Expression of multiple transgenes from single vectors allows simultaneous labeling of neurites and synapses. A) Transgene location within the viral genome determines expression level, as determined by flow cytometric analysis of EGFP brightness. Two transgenes inserted in the G locus have only slightly lower expression than a single one. Addition of a transgene in the promoter-proximal locus prior to the first viral gene, with a second transgene in the original G locus, results in expression 2.4-fold higher than that of a single gene in the G locus. Error bars denote standard error of the mean (n=?). B–C) Two-color brightly fluorescent labeling of the apical dendrites and postsynaptic densities of a layer 5 cortical pyramidal cell. Cytoplasmic mOrange2 is expressed at a high level from the promoter-proximal locus; PSD-95-EGFP fusion is expressed at a lower level from the G locus. Solid line indicates approximate location of pia; dashed square indicates region enlarged in panels D–E; dashed rectangle indicates region enlarged in Supplementary Figure S4. D–E) Higher-resolution image of region enclosed by dashed square in panel B. EGFP puncta are located on dendritic spines. Scale bars: B–D 50 um, E–G 10 um.

Fig. 3

Simultaneous multicolor brightly fluorescent labeling of three subcellular compartments.

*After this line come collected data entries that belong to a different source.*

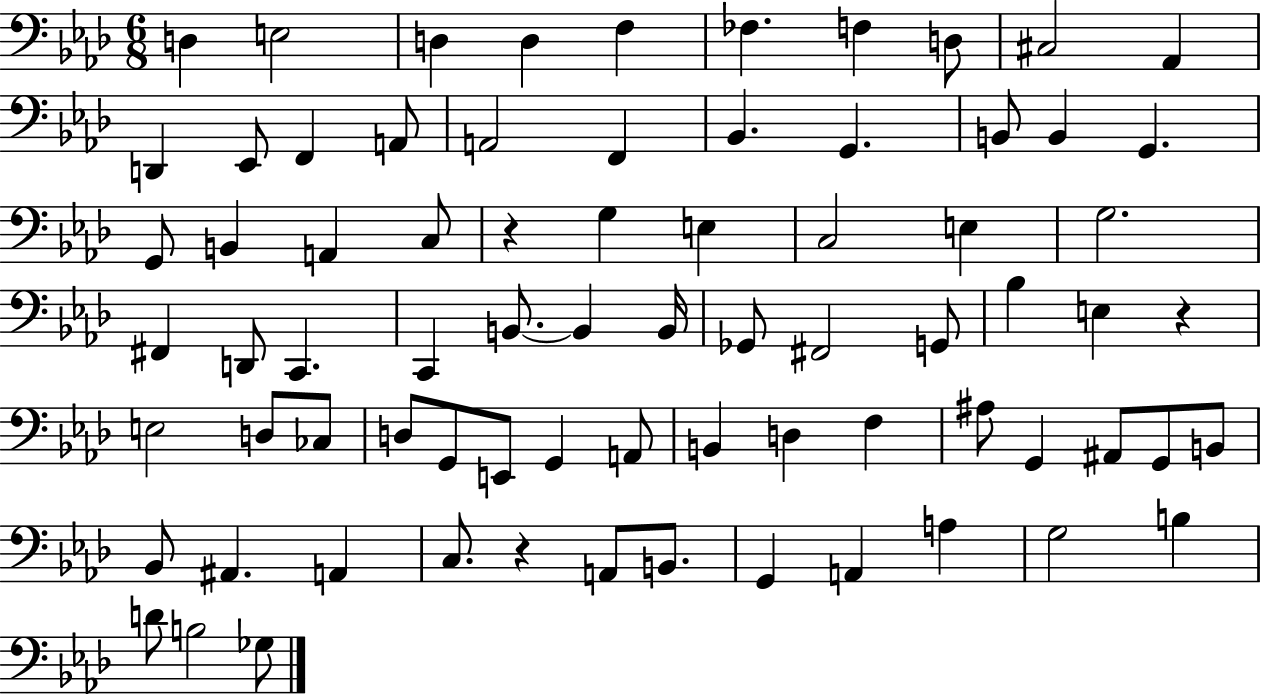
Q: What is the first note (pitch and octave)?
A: D3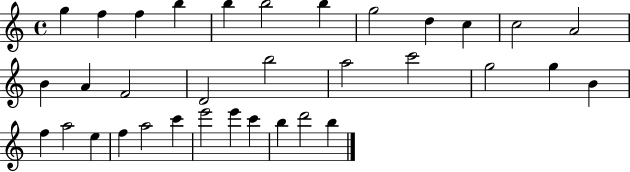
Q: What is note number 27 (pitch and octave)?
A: A5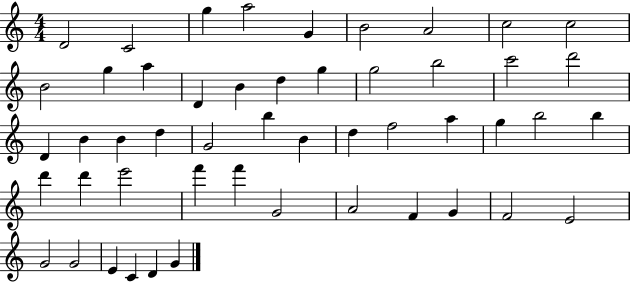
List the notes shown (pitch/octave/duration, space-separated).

D4/h C4/h G5/q A5/h G4/q B4/h A4/h C5/h C5/h B4/h G5/q A5/q D4/q B4/q D5/q G5/q G5/h B5/h C6/h D6/h D4/q B4/q B4/q D5/q G4/h B5/q B4/q D5/q F5/h A5/q G5/q B5/h B5/q D6/q D6/q E6/h F6/q F6/q G4/h A4/h F4/q G4/q F4/h E4/h G4/h G4/h E4/q C4/q D4/q G4/q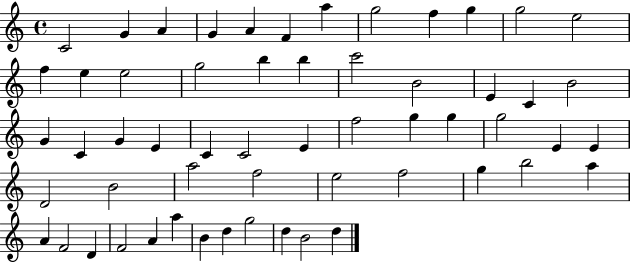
C4/h G4/q A4/q G4/q A4/q F4/q A5/q G5/h F5/q G5/q G5/h E5/h F5/q E5/q E5/h G5/h B5/q B5/q C6/h B4/h E4/q C4/q B4/h G4/q C4/q G4/q E4/q C4/q C4/h E4/q F5/h G5/q G5/q G5/h E4/q E4/q D4/h B4/h A5/h F5/h E5/h F5/h G5/q B5/h A5/q A4/q F4/h D4/q F4/h A4/q A5/q B4/q D5/q G5/h D5/q B4/h D5/q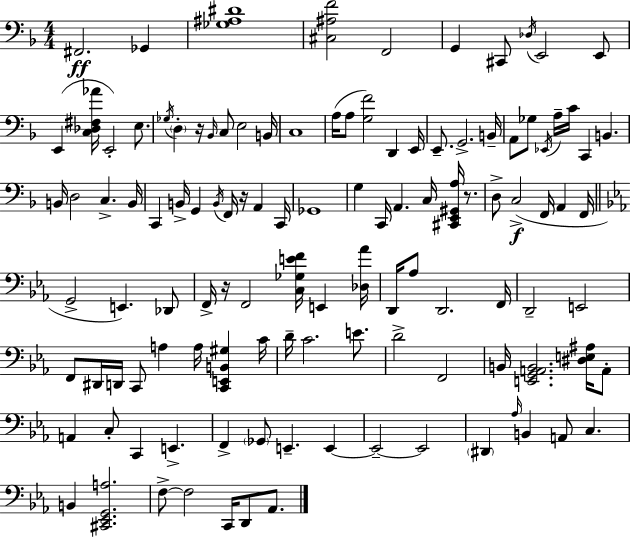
F#2/h. Gb2/q [Gb3,A#3,D#4]/w [C#3,A#3,F4]/h F2/h G2/q C#2/e Db3/s E2/h E2/e E2/q [C3,Db3,F#3,Ab4]/s E2/h E3/e. Gb3/s D3/q R/s Bb2/s C3/e E3/h B2/s C3/w A3/s A3/e [G3,F4]/h D2/q E2/s E2/e. G2/h. B2/s A2/e Gb3/e Eb2/s A3/s C4/s C2/q B2/q. B2/s D3/h C3/q. B2/s C2/q B2/s G2/q B2/s F2/s R/s A2/q C2/s Gb2/w G3/q C2/s A2/q. C3/s [C#2,E2,G#2,A3]/s R/e. D3/e C3/h F2/s A2/q F2/s G2/h E2/q. Db2/e F2/s R/s F2/h [C3,Gb3,E4,F4]/s E2/q [Db3,Ab4]/s D2/s Ab3/e D2/h. F2/s D2/h E2/h F2/e D#2/s D2/s C2/e A3/q A3/s [C2,E2,B2,G#3]/q C4/s D4/s C4/h. E4/e. D4/h F2/h B2/s [E2,G2,A2,B2]/h. [D#3,E3,A#3]/s A2/e A2/q C3/e C2/q E2/q. F2/q Gb2/e E2/q. E2/q E2/h E2/h D#2/q Ab3/s B2/q A2/e C3/q. B2/q [C#2,Eb2,G2,A3]/h. F3/e F3/h C2/s D2/e Ab2/e.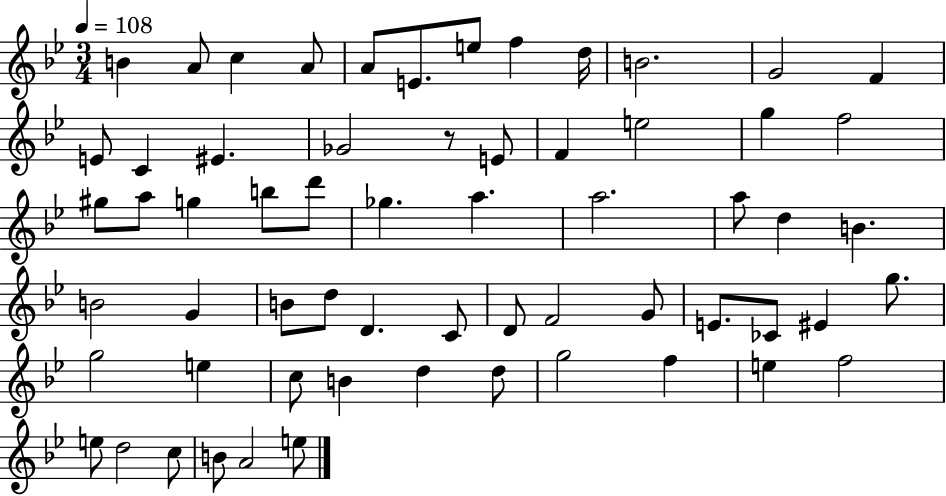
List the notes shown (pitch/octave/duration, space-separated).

B4/q A4/e C5/q A4/e A4/e E4/e. E5/e F5/q D5/s B4/h. G4/h F4/q E4/e C4/q EIS4/q. Gb4/h R/e E4/e F4/q E5/h G5/q F5/h G#5/e A5/e G5/q B5/e D6/e Gb5/q. A5/q. A5/h. A5/e D5/q B4/q. B4/h G4/q B4/e D5/e D4/q. C4/e D4/e F4/h G4/e E4/e. CES4/e EIS4/q G5/e. G5/h E5/q C5/e B4/q D5/q D5/e G5/h F5/q E5/q F5/h E5/e D5/h C5/e B4/e A4/h E5/e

A) Injection site in mouse somatosensory cortex of anterograde (locally-infecting) rabies virus encoding cytoplasmic EGFP, nuclearly-localized mTagBFP, and synaptophysin-TagRFP-T fusion protein. A tight cluster of cells primarily in layer 6 resulted from this 5 nl injection, with little labeling in more superficial layers. Descending and locally arborizing axons are brightly labeled. Overlay indicating approximate structural boundaries is adapted from Franklin and Paxinos. B–D) Higher-power image of the layer 6 cells, with separate green and blue channels showing cytoplasmic EGFP and nuclear mTagBFP. E–G) High-power image of thalamocortical axonal processes (green) and synaptic terminals (red) in primary somatosensory thalamus (ventral posteriomedial nucleus). Abbreviations: S1BF = primary somatosensory cortex, barrel field; ec = external capsule; CPu = caudate putamen. Scale bars: A 250 um, B–D 100 um, E–G 5 um.

Fig. 4

Joint retrograde and anterograde tracing of inputs and outputs of a brain region. A–C) Injection site in mouse somatosensory thalamus of an equal mixture of two deletion-mutant rabies viral vectors: an anterograde (i.e. locally-infecting) vector encoding mOrange2 (yellow), and a retrograde (i.e. infecting remote neurons projecting to the injection site) vector encoding mCherry (red). The anterograde virus prolifically infects thalamic neurons at the injection site, while the retrograde virus infects far fewer cells locally. D–F) In somatosensory cortex of the same mouse, mOrange2-filled thalamocortical axons ascend to layer 4 and densely ramify among the apical dendrites of mCherry-filled layer 6 corticothalamic cells retrogradely infected by the coinjected retrograde virus. Scale bar 200 um, applies to all panels.

Fig. 5

Strategies now available for targeting multiple neuronal populations with different RV vector classes. A) Anterograde targeting with VSVG-enveloped RV, introduced in this paper. B) Retrograde targeting with RVG-enveloped RV. C) Genetic targeting with EnvA-enveloped RV. Packaging RV with an avian retroviral envelope protein renders it unable to infect mammalian cells in the absence of engineered expression of an exogenous receptor. D) Monosynaptic targeting with RV. When complemented by engineered expression of RVG in trans, G-deleted RV spreads to neurons directly presynaptic to the G-expressing cells.